Count

Geeft als resultaat het aantal geldige, niet-lege waarden in een veld.

Opmaak 

Count (veld {; veld...})

Parameters 

veld - elk gerelateerd veld, herhalend veld of elke reeks niet-herhalende velden; of een uitdrukking die als resultaat een veld, herhalend veld of een reeks niet-herhalende velden geeft.
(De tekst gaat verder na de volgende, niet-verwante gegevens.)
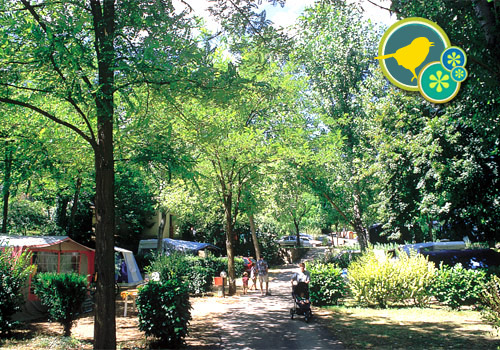 Les Fauvettes Linguadoca-Rossiglione - Anduze visuel 8/11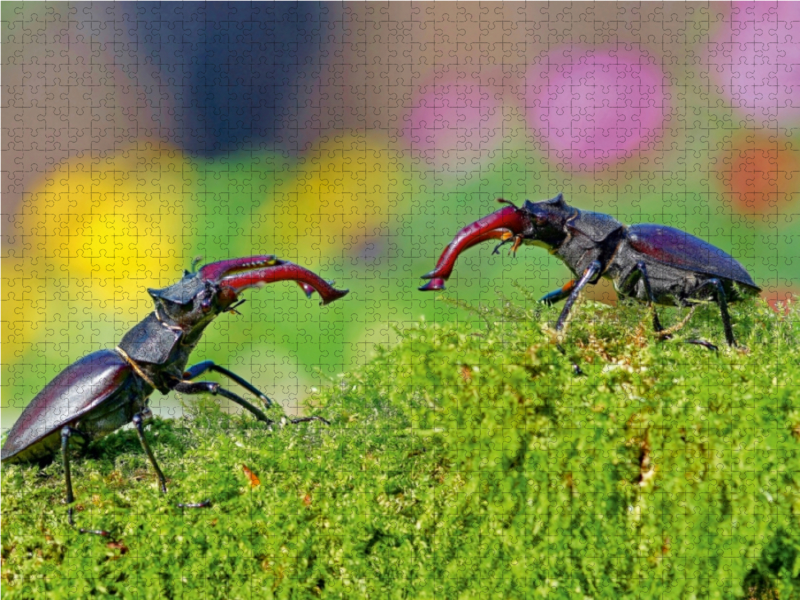 Zwei männliche Hirschkäfer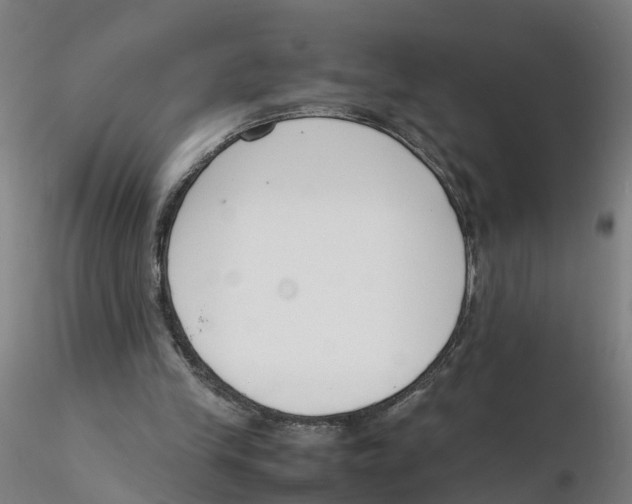 X0000116330245200912221426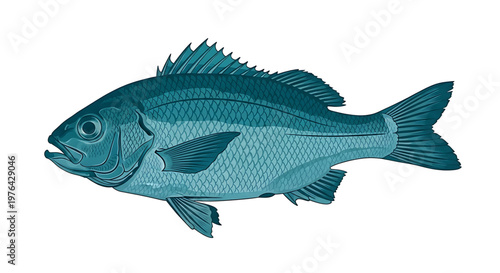 A teal-colored fish illustration with scales and fins on a white background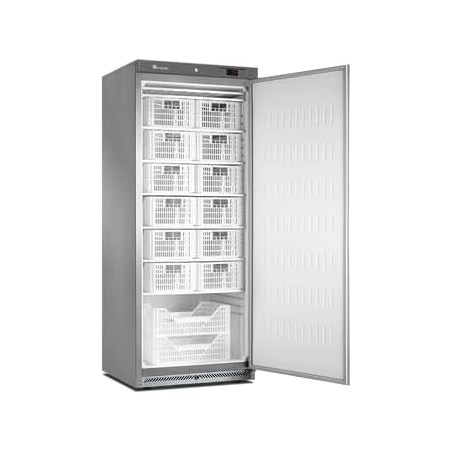 Armoire froide statique négative inox -18°C 0 -22°C 1 porte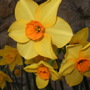 Narcissi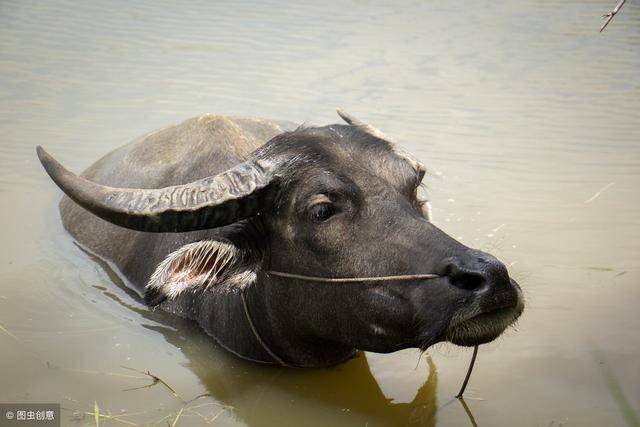 干的越多越吃亏——“鞭打快牛”暴露人性！做得越多错得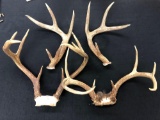 Mixed lot of Whitetail Antlers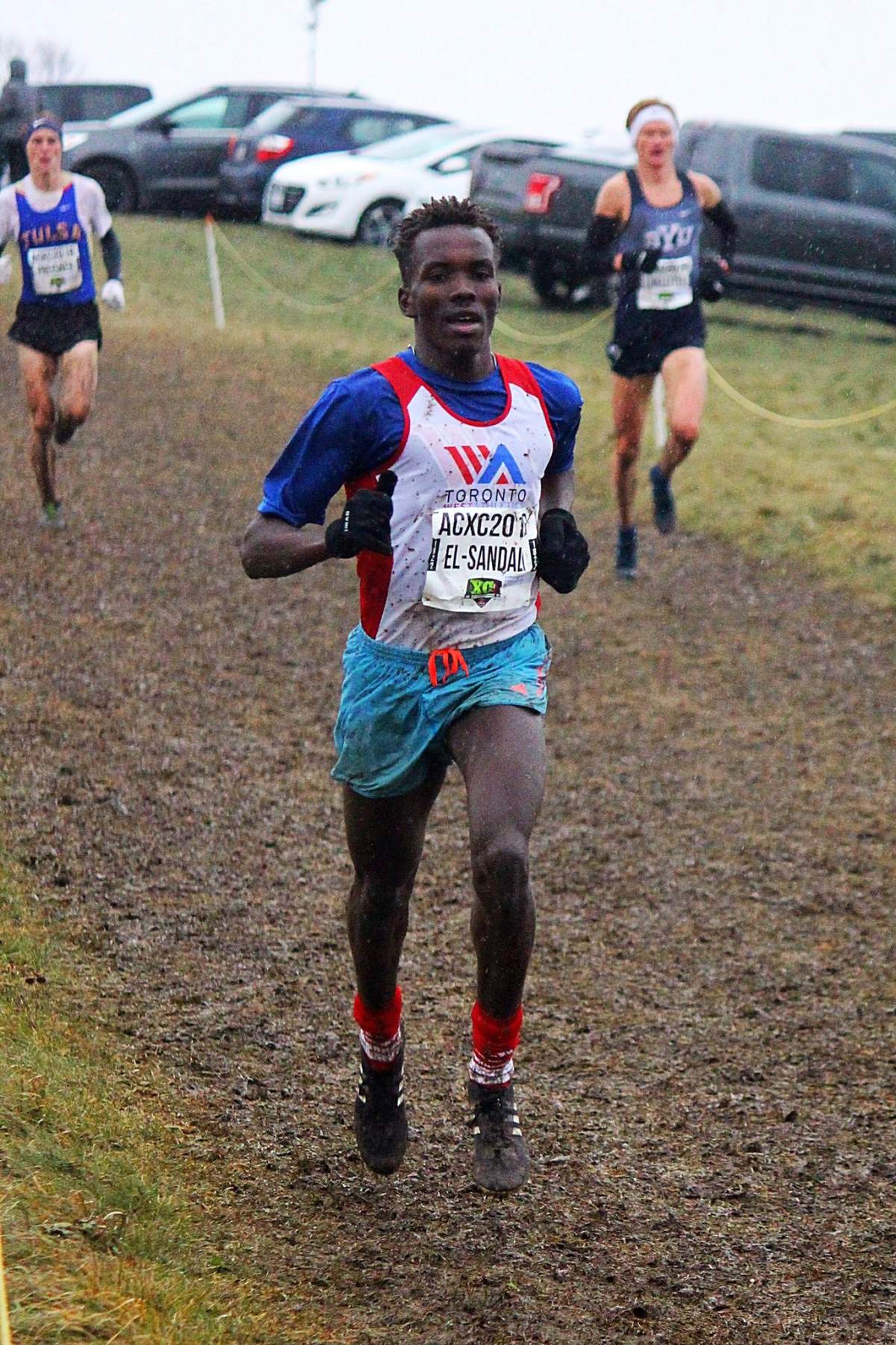 Photo courtesy of Ehab El-Sandali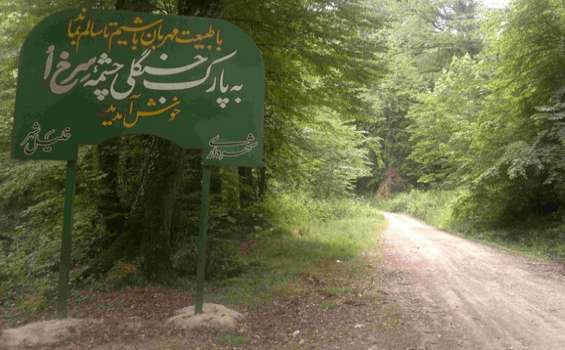 قطع ده ها اصله درخت هیرکانی در "پارک جنگلی سِرخ اُ" بهشهر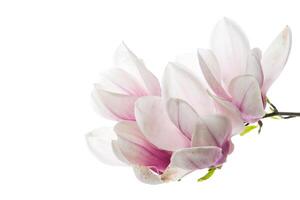 Beautiful pink magnolia flower on white background photo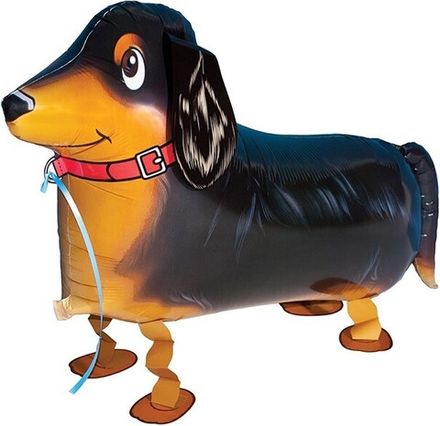 Ходячий шар "Собака Такса"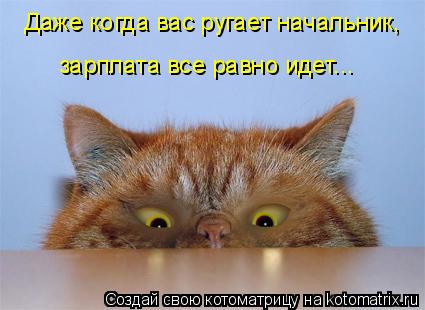 Даже когда вас ругает начальник, зарплата все равно идет...... Котоматрица: Даже когда вас ругает начальник, зарплата все равно идет...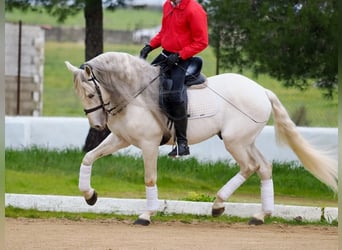 Lusitano, Hengst, 8 Jaar, 160 cm, Schimmel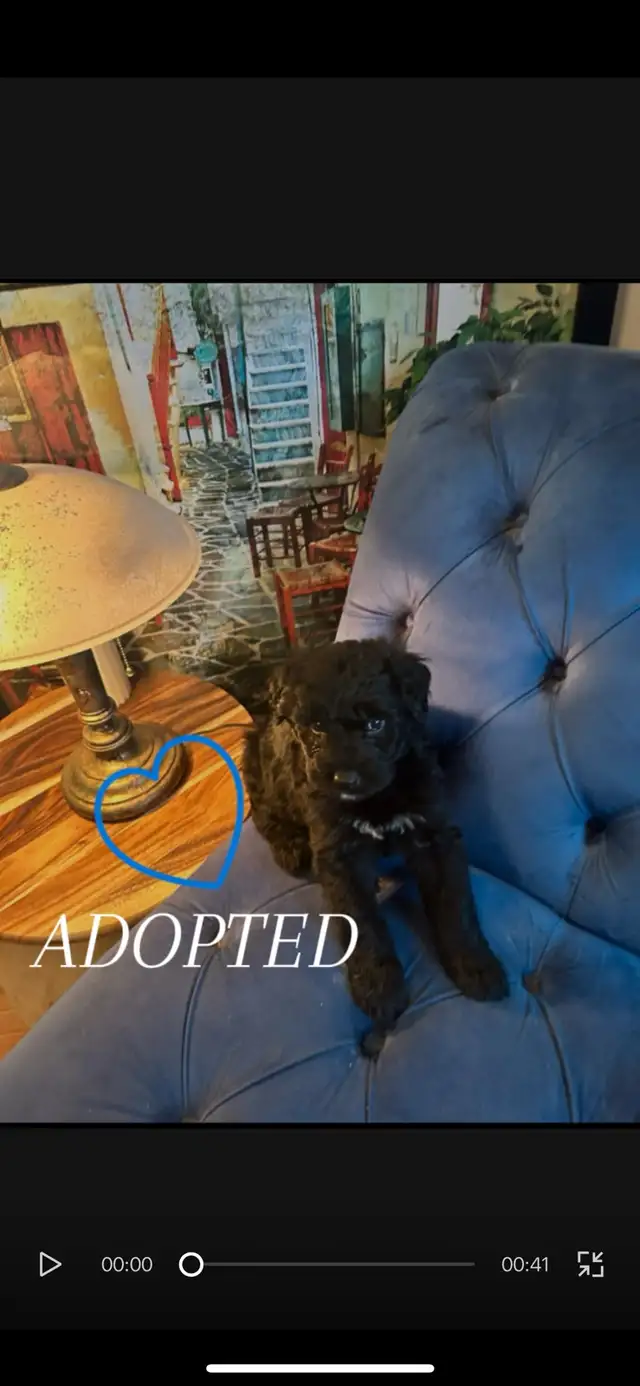 ALL ADOPTED White German Shepherd golden doodle puppies in Dogs & Puppies for Rehoming in Laval / North Shore - Image 4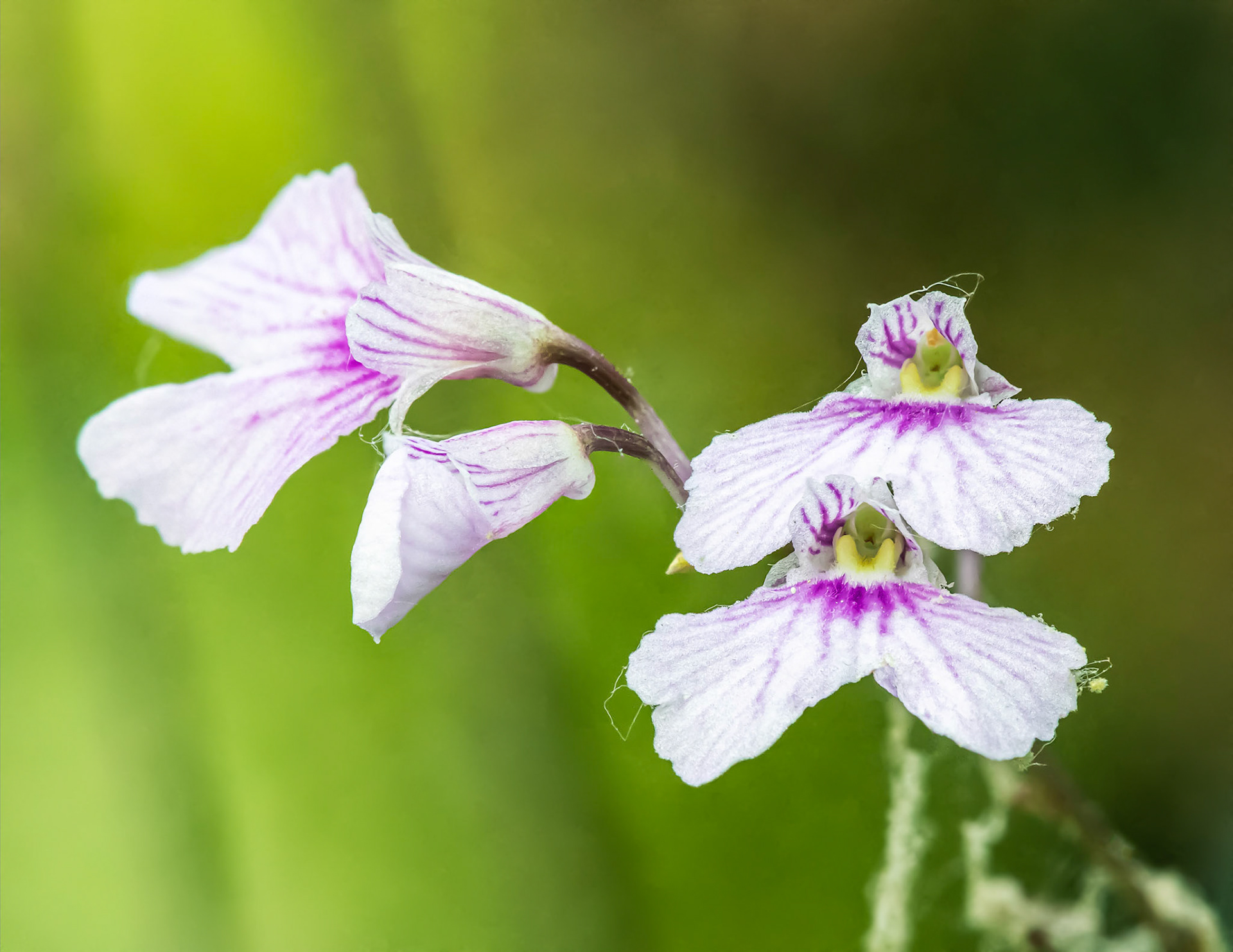 Delicate Violet Orchid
Parameters tussen accolades { } zijn optioneel.

Resulterend gegevenstype 

getal

Afkomstig uit versie 

6.0 of lager

Beschrijving 

Veld kan zijn:

  • een herhalend veld (HerhalendVeld).
  • een veld in overeenkomende gerelateerde records opgegeven met (tabel::veld), ongeacht of deze records wel of niet in een portaal verschijnen.
  • verschillende niet-herhalende velden in een record (veld1;veld2;veld3...).
  • overeenkomende herhalingen van herhalende velden in een record (HerhalendVeld1;HerhalendVeld2;HerhalendVeld3), mits het resultaat wordt gegeven met minstens hetzelfde aantal herhalingen.
  • meerdere velden in de eerste overeenkomende record opgegeven met (tabel::veld1;tabel::veld2;...). U kunt velden opnemen uit verschillende tabellen (tabel 1::veld A;tabel 2::veld B...).

Opmerkingen 

  • Wanneer een veld waarnaar verwezen wordt een herhalend veld is, geeft de functie Count als resultaat het totale aantal geldige, niet-lege waarden in het eerste herhalende veld, daarna het totale aantal geldige, niet-lege waarden in het tweede herhalende veld, enzovoort.

Voorbeeld 1 

De lay-out Accounts heeft een portaal dat uitgevoerde termijnbetalingen weergeeft.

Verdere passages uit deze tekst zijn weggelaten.